Watson received a prompt reply from Joel Benoliel, a senior vice president at Costco and its chief legal officer. He robustly defended each of the four projects in question, assuring Watson that Costco "will not profit by violating the law, and like you, we firmly believe in the free market economy." The four cases were not anomalies, and Benoliel didn't pretend they were.

"In truth," he wrote, "there are probably dozens of other Costco projects where eminent domain or the threat of it has been involved in acquiring land for redevelopment.
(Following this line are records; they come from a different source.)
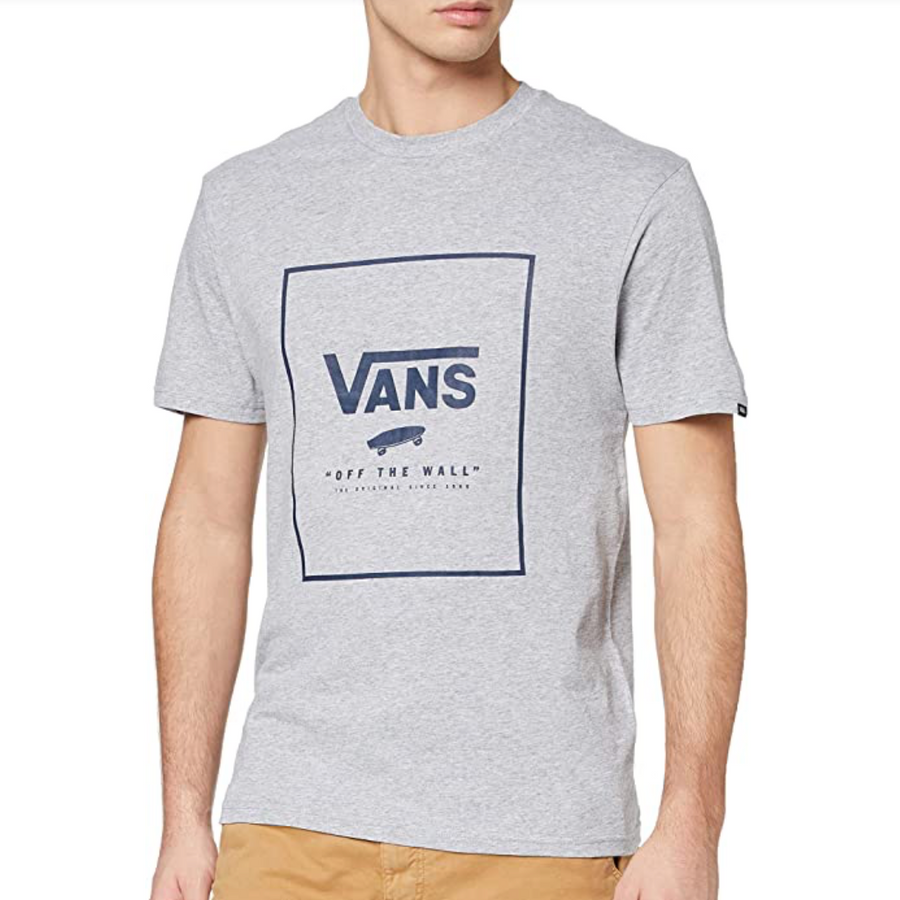 VANS Mens Print Box T-Shirt - Grey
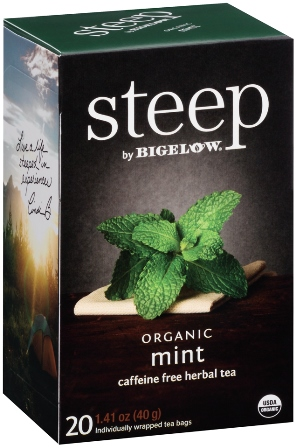 Bigelow Steep Organic Tea Mint (6-20's) (jit) - Pantree Food Service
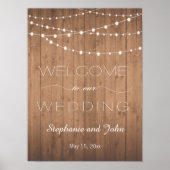 Country chic Begrüßungszeichen Poster (Vorne)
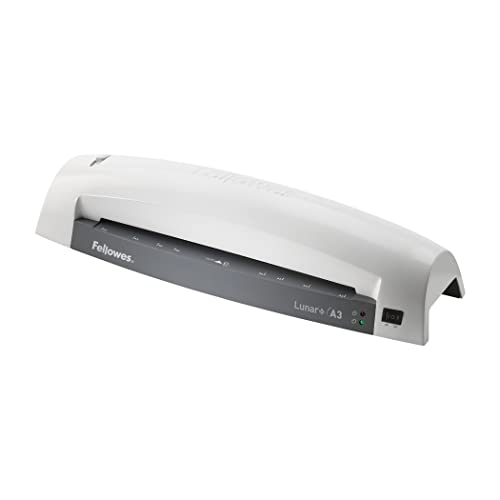 Fellowes Plastifieuse Lunar A3 Plastifier À Chaud Pochettes De Plastification A3 80 À 125 Microns Fonction Anti-Bourrage Temps De Chauffe 4 Minutes Ut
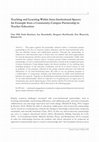 Research paper thumbnail of Teaching and Learning Within Inter-Institutional Spaces: An Example from a Community-Campus Partnership in Teacher Education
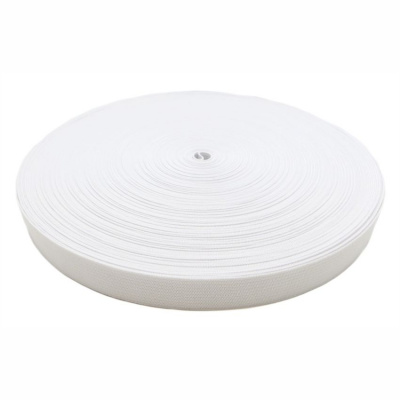 Резинка вязаная, ширина 20мм, длина 40м, белая, RV2040B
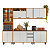 COZINHA MODULADA RAVENA 260CM PANELEIRO/CRISTALEIRA COM LEDs - Imagem 3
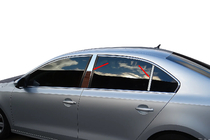 Volkswagen Jetta 2011-2018 Modanature Montanti Porta in Acciaio Inox foto 1
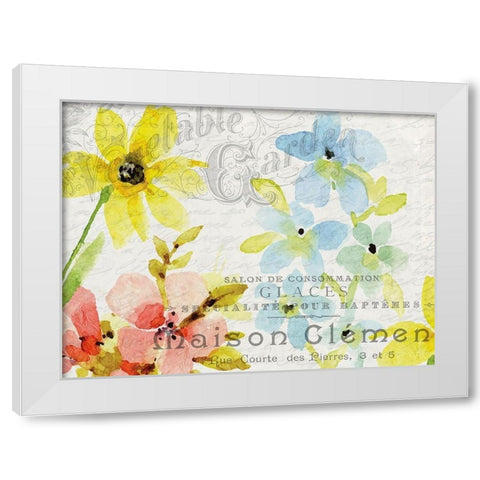 Spring Blooms 2 White Modern Wood Framed Art Print by Kimberly, Allen
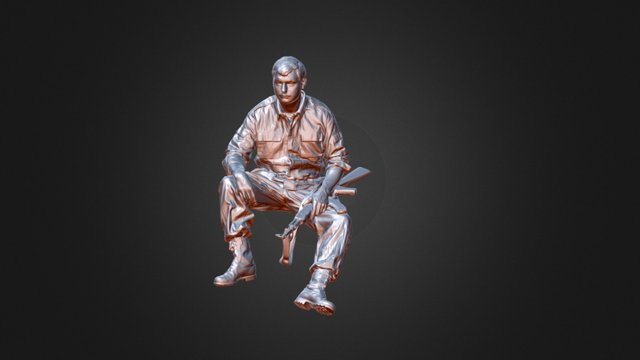 Soldat 3D Model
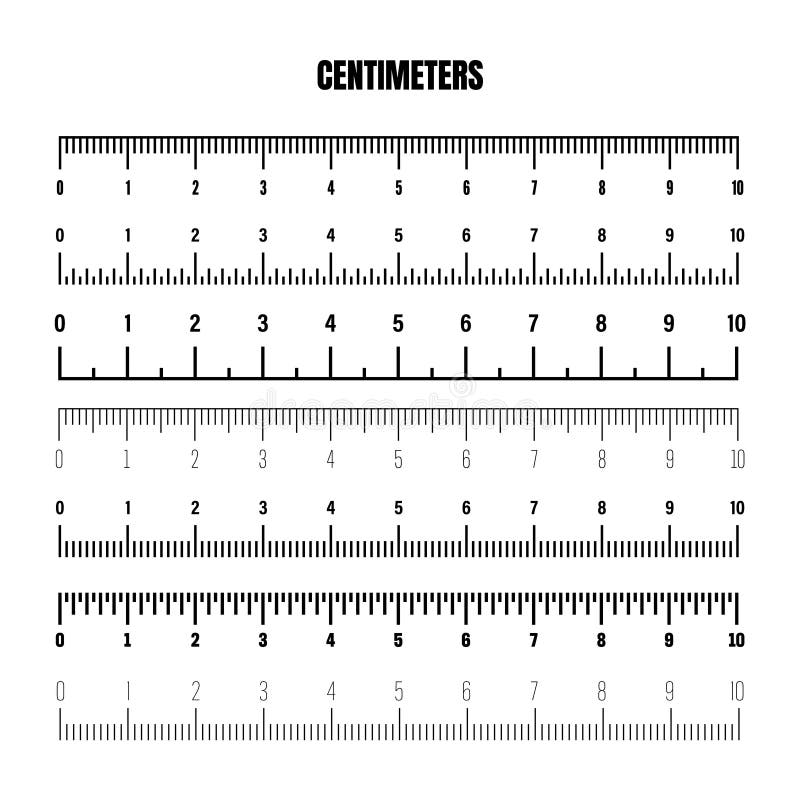 Realistic Black Centimeter Scale for Measuring Length or Height ...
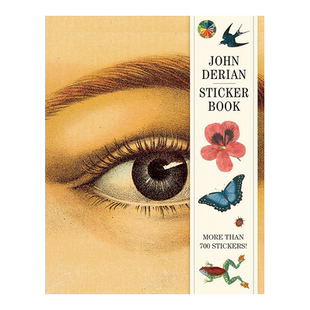 【预售】约翰·德里安贴纸书 John Derian Sticker Book 英文贴纸书原版图书外版进口书籍Artisan John Derian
In some states, the constitution or laws prohibit this from happening. But, in places like California, Redevelopment Districts with bonding authority and powers of condemnation have been the norm for many decades. Much of urban America has been built using this tool. We don't see any legal or moral wrong in this. The fact is, if we refrained from participating in these deals, our competitors for these sites like Target, Home Depot, K-Mart, Wal-Mart, BJ's, Sam's Club, and many others would take advantage of our reticence, and our shareholders would be the losers. In short, we are not violating laws or any rules of the free market economy. We would be doing exactly that if we refused to participate in these deals when they are offered, while other retailers continued to do so."

However self-serving his argument, Benoliel was correct that eschewing eminent domain would hamstring Costco in relation to its fellow retailers. Such corporate behemoths had long benefited from "economic development" takings, often at the expense of smaller proprietors and homeowners. Keeping up with the competition also meant keeping up with ever-evolving definitions of "public use."

"Desperate for tax revenue, cities and towns across the country now routinely take property from unwilling sellers to make way for big-box retailers," the Wall Street Journal reported in December 2004. "Condemnation cases aren't tracked nationally, but even retailers themselves acknowledge that the explosive growth of the format in the 1990s and torrid competition for land has increasingly pushed them into increasingly problematic areas--including sites owned by other people."

The controversial 2005 Kelo decision, whose second anniversary passed last month, affirmed that economic development was a constitutionally valid "public purpose" to justify seizing land via eminent domain. But it also sparked a nationwide backlash to tighten the boundaries of eminent domain and curb some of the worst abuses. More than 40 states have amended their laws, though some of the reforms have been toothless. The ongoing debate has confirmed that, despite its reputation, the business lobby is hardly a consistent champion of small-government economic policies.

Indeed, state and local Chambers of Commerce have been notably resistant to the tide of post-Kelo legislation. In Oklahoma, for example, the state Chamber, the Greater Oklahoma City Chamber, the Oklahoma Association of Business and Industry, and the Oklahoma Professional Economic Development Council all urged the state Supreme Court to reject an eminent domain reform initiative. The business lobby fears that many redevelopment schemes could not move forward without the exercise, or at least the credible threat, of eminent domain by city governments.